*WORK TO COMPLETE*: Your answer should be an exact copy of the lines from the one containing "Viejo maduro se desnuda en la playa" through the last line of the records below, without any pictures.

Data entries:
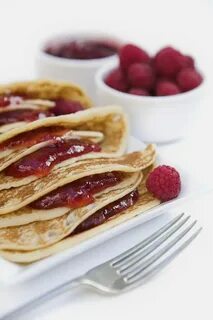 Pancakes with raspberry jam & fresh raspberries Yemek tarifleri, Gıda, Yeme içme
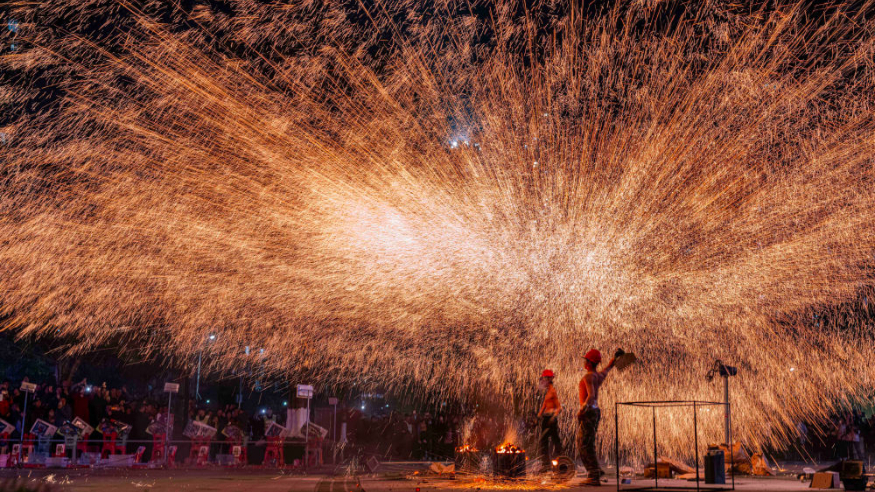 新春购物车 满载经济新动能
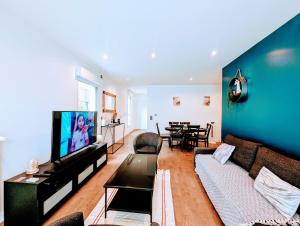 Chic and spacious apart with parking and garden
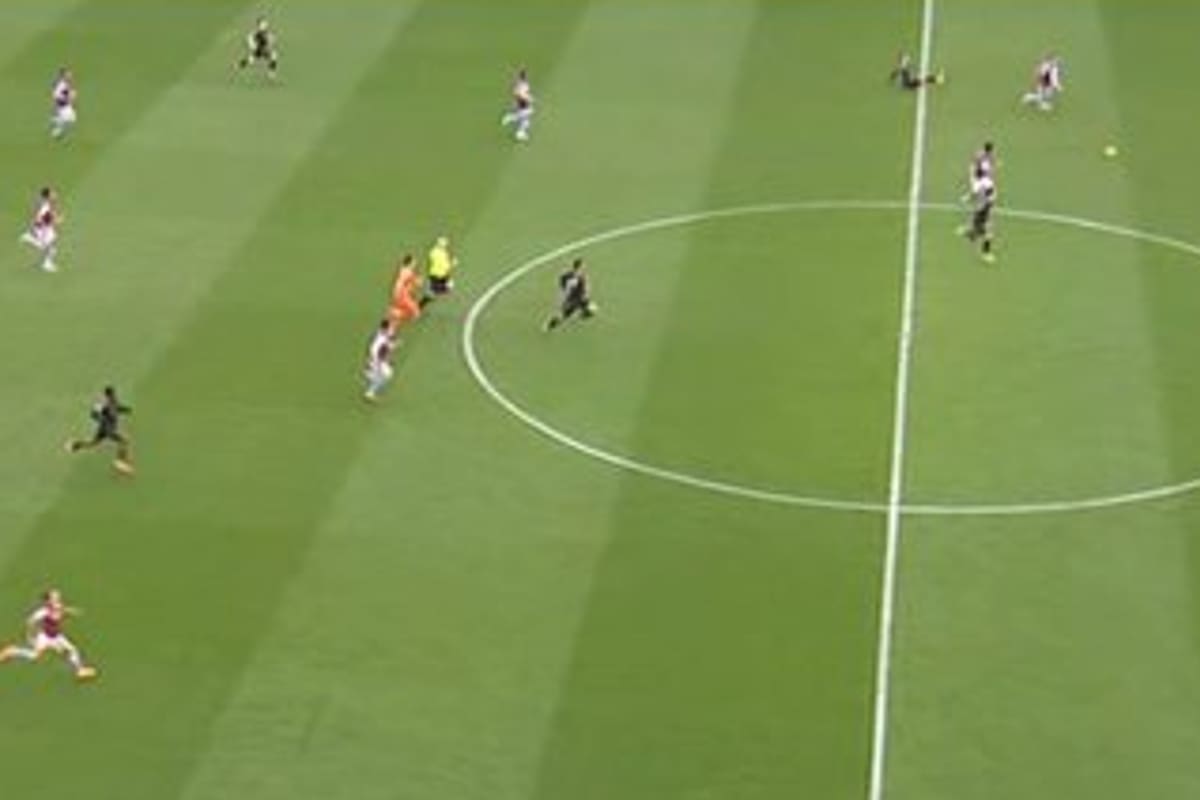 Dibu Martínez corre para volver a su arco, pero no llegará y será el cuarto de Arsenal, ante Aston VIlla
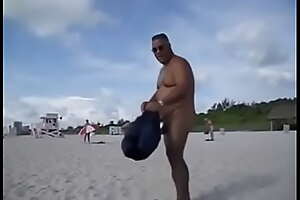 Viejo maduro se desnuda en la playa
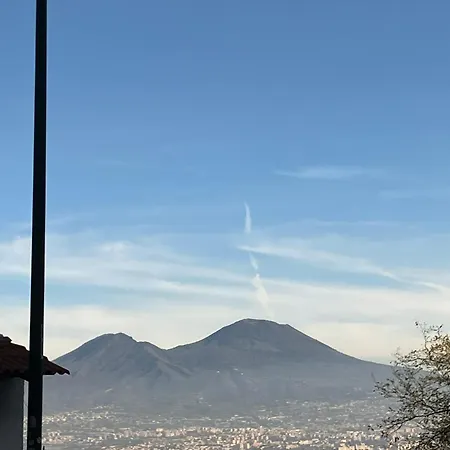 Rosemary S House-vomero, Metro &parking Lägenhet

*SOLUTION FOR THIS TASK*:
 Viejo maduro se desnuda en la playa
 Rosemary S House-vomero, Metro &parking Lägenhet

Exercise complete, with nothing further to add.